In the 1800 election, Hamilton acted against both sides. He proposed that New York, which Burr had won for Jefferson, should have its election rerun with carefully chosen districts - a definitely non-legal maneuver. John Jay, who had given up the Supreme Court to be Governor of New York, declined to support this unbecoming proposal and soundly chastised Hamilton in writing.[26] John Adams was running this time with Pinckney's elder brother Charles Cotesworth Pinckney. On the other hand, Hamilton toured New England, again urging Northern Electors to hold firm for this Pinckney, in the renewed hope to make Pinckney President; and he again intrigued in South Carolina. This time, the important reaction was from the Jeffersonian Electors, all of whom voted both for Jefferson and Burr to ensure that no such deal would result in electing a Federalist. (Burr had received only one vote from Virginia in 1796.) On the Federalist side, Governor Arthur Fenner of Rhode Island denounced these "jockeying tricks" to make Pinckney President, and one Rhode Island Elector voted for Adams and Jay. The result was that Jefferson and Burr tied for first and second; and Pinckney came in fourth.[27]

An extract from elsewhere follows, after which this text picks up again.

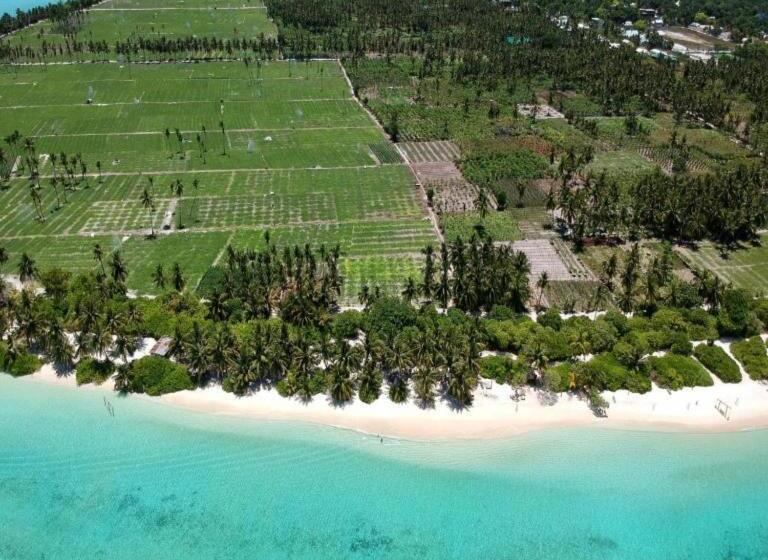 اتاق استاندارد, Thoddoo Haisha Inn, Maldives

In September, Hamilton wrote a pamphlet (Letter from Alexander Hamilton, Concerning the Public Conduct and Character of John Adams, Esq. President of the United States) which was highly critical of Adams, although it closed with a tepid endorsement. He mailed this to two hundred leading Federalists; when a copy fell into Democratic-Republican hands, they printed it. This also hurt Adams's 1800 reelection campaign and split the Federalist Party, virtually assuring the victory of the Democratic-Republican Party, led by Jefferson, in the election of 1800, and destroyed Hamilton's position among the Federalists.[28]

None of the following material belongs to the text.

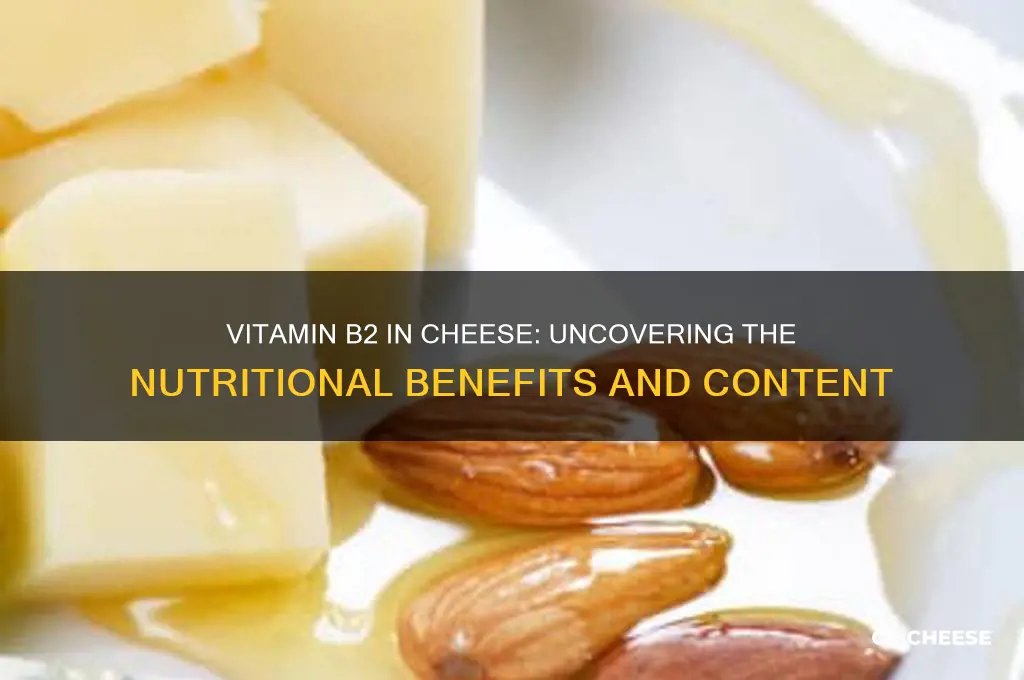 how much vitamin b2 iis in cheese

So Jefferson had beaten Adams, but both he and his nominal running mate, Aaron Burr, received 73 votes in the Electoral College. With Jefferson and Burr tied, the United States House of Representatives had to choose between the two men. (As a result of this election, the Twelfth Amendment was proposed and ratified, adopting the method under which presidential elections are held today.) Several Federalists who opposed Jefferson supported Burr, but Hamilton reluctantly threw his weight behind Jefferson, causing one Federalist congressman to abstain from voting after 36 tied ballots. This ensured that Jefferson was elected President rather than Burr. Even though Hamilton did not like Jefferson and disagreed with him on many issues, he was quoted as saying, "At least Jefferson was honest." Burr then became Vice President of the United States. When it became clear that he would not be asked to run again with Jefferson, Burr sought the New York governorship in 1804 but was badly defeated by forces led by Hamilton.

Family life

In spring 1779, Hamilton asked his friend John Laurens to find him a wife in South Carolina: [Mitchell vol 1 p 199]:

"She must be young—handsome (I lay most stress upon a good shape) Sensible (a little learning will do)—well bred. . . chaste and tender (I am an enthusiast in my notions of fidelity and fondness); of some good nature—a great deal of generosity (she must neither love money nor scolding, for I dislike equally a termagant and an economist)—In politics, I am indifferent what side she may be of—I think I have arguments that will safely convert her to mine—As to religion a moderate stock will satisfy me—She must believe in God and hate a saint. But as to fortune, the larger stock of that the better."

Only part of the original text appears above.